As a comparison, Python's json module handles the 64-bit integer to full precision, but loses precision on the floating point timestamp. Also, it is at the whim of a JSON implementation whether or not the order of object keys is preserved.

While JSON is well suited for data exchange of generic information, it is not so appropriate for a super-structured data model like Zed. That said, JSON can be used as an encoding format for Zed by mapping Zed data onto a JSON-based protocol. This allows clients like web apps or Electron apps to receive and understand Zed and, with the help of client libraries like Zealot, to manipulate the rich, structured Zed types that are implemented on top of the basic JavaScript types.

In other words, because JSON objects do not have a deterministic column order nor does JSON in general have typing beyond the basics (i.e., strings, floating point numbers, objects, arrays, and booleans), we decided to encode Zed data with its embedded type model all in a layer above regular JSON.

2. The Format

The format for representing Zed in JSON is called ZJSON. Converting ZSON, ZNG, or ZST to ZJSON and back results in a complete and accurate restoration of the original Zed data.

A ZJSON stream is defined as a sequence of JSON objects where each object represents a Zed value and has the form:

{
"type": <type>,
"value": <value>
}

The type and value fields are encoded as defined below.

2.1 Type Encoding

The type encoding for a primitive type is simply its Zed type name e.g., "int32" or "string".

Complex types are encoded with small-integer identifiers. The first instance of a unique type defines the binding between the integer identifier and its definition, where the definition may recursively refer to earlier complex types by their identifiers.
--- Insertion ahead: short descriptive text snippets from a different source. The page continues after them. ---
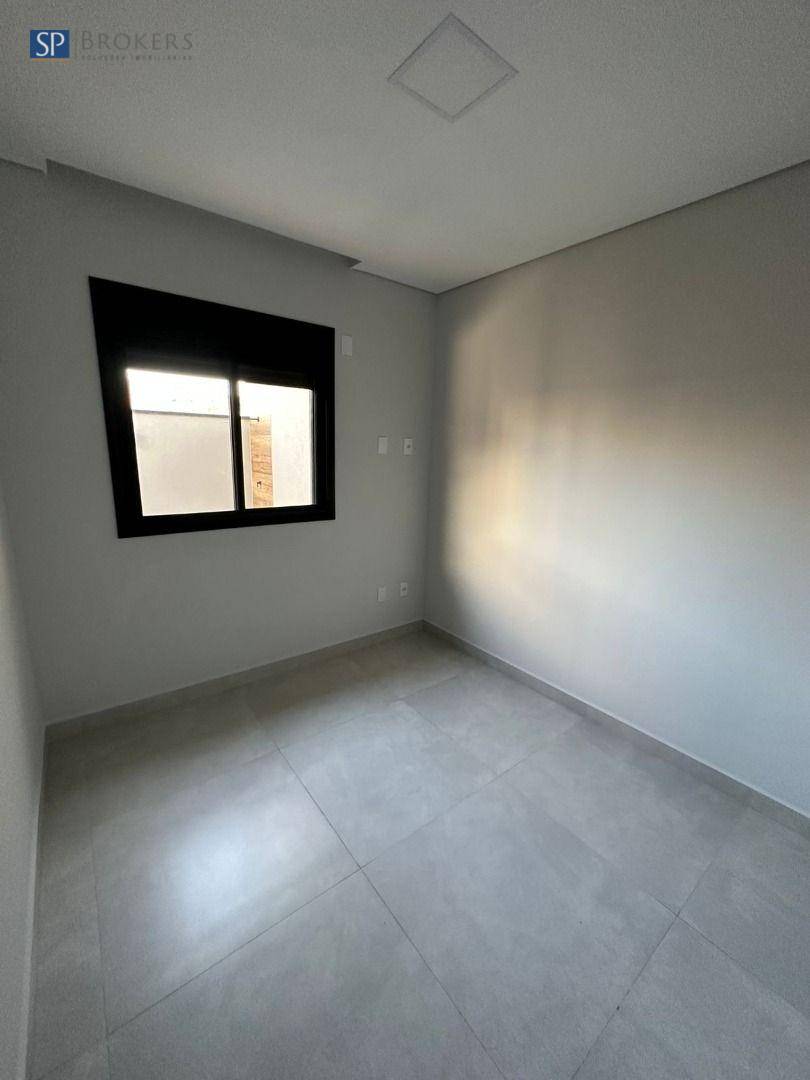 Casa de Condomínio à venda com 3 quartos, 152m² - Foto 12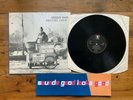 Steely Dan - Pretzel Logic LP - Near Mint Archive Early UK Press Vinyl LISTEN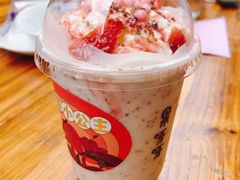 -果呀呀(国金街店)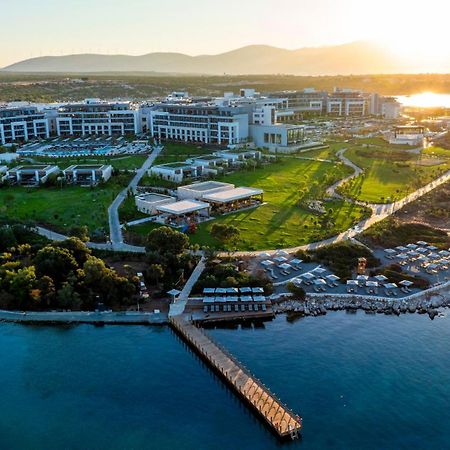 Hotel Anda Barut Collection Didim Exterior foto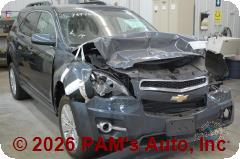 Vehicle photo 2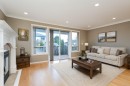 2075 Dover St, Sooke, BC 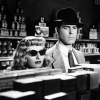 Film Noir Classics Coming to BD in 2014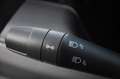 Jeep Compass 1.6 Multijet II 2WD Limited Gris - thumbnail 25
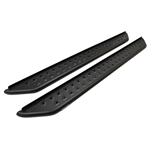 Running Board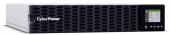 CyberPower OL HD (High-Density)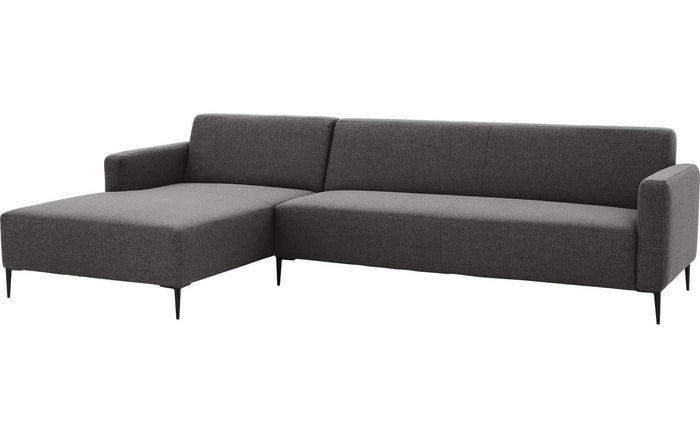 Goossens Zitmeubel Key West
For example, the Zed type {s:string,x:int32} has this ZJSON format:

{
"id": 123,
"kind": "record",
"fields": [
{
"name": "s",
"type": {
"kind": "primitive",
"name": "string"
}
},
{
"name": "x",
"type": {
"kind": "primitive",
"name": "int32"
}
}
]
}

A previously defined complex type may be referred to using a reference of the form:

{
"kind": "ref",
"id": 123
}

2.1.1 Record Type

A record type is a JSON object of the form

{
"id": <number>,
"kind": "record",
"fields": [ <field>, <field>, ... ]
}

where each of the fields has the form

{
"name": <name>,
"type": <type>,
}

and <name> is a string defining the column name and <type> is a recursively encoded type.

2.1.2 Array Type

An array type is defined by a JSON object having the form

{
"id": <number>,
"kind": "array",
"type": <type>
}

where <type> is a recursively encoded type.

2.1.3 Set Type

A set type is defined by a JSON object having the form

{
"id": <number>,
"kind": "set",
"type": <type>
}

where <type> is a recursively encoded type.

2.1.4 Map Type

A map type is defined by a JSON object of the form

{
"id": <number>,
"kind": "map",
"key_type": <type>,
"val_type": <type>
}

where each <type> is a recursively encoded type.

2.1.5 Union type

A union type is defined by a JSON object having the form

{
"id": <number>,
"kind": "union",
"types": [ <type>, <type>, ... ]
}

where the list of types comprise the types of the union and and each <type>is a recursively encoded type.

2.1.6 Enum Type

An enum type is a JSON object of the form

{
"id": <number>,
"kind": "enum",
"symbols": [ <string>, <string>, ... ]
}

where the unique <string> values define a finite set of symbols.

2.1.7 Error Type

An error type is a JSON object of the form

{
"id": <number>,
"kind": "error",
"type": <type>
}

where <type> is a recursively encoded type.

2.1.8 Named Type

A named type is encoded as a binding between a name and a Zed type and represents a new type so named. A type definition type has the form

{
"id": <number>,
"kind": "named",
"name": <id>,
"type": <type>,
}

where <id> is a JSON string representing the newly defined type name and <type> is a recursively encoded type.

2.2 Value Encoding

The primitive values comprising an arbitrarily complex Zed data value are encoded as a JSON array of strings mixed with nested JSON arrays whose structure conforms to the nested structure of the value's schema as follows:

  • each record, array, and set is encoded as a JSON array of its composite values,
  • a union is encoded as a string of the form <tag>:<value> where tag is an integer string representing the positional index in the union's list of types that specifies the type of <value>, which is a JSON string or array as described recursively herein,
  • a map is encoded as a JSON array of two-element arrays of the form [ <key>, <value> ] where key and value are recursively encoded,
  • a type value is encoded as above,
  • each primitive that is not a type value is encoded as a string conforming to its ZSON representation, as described in the corresponding section of the ZSON specification.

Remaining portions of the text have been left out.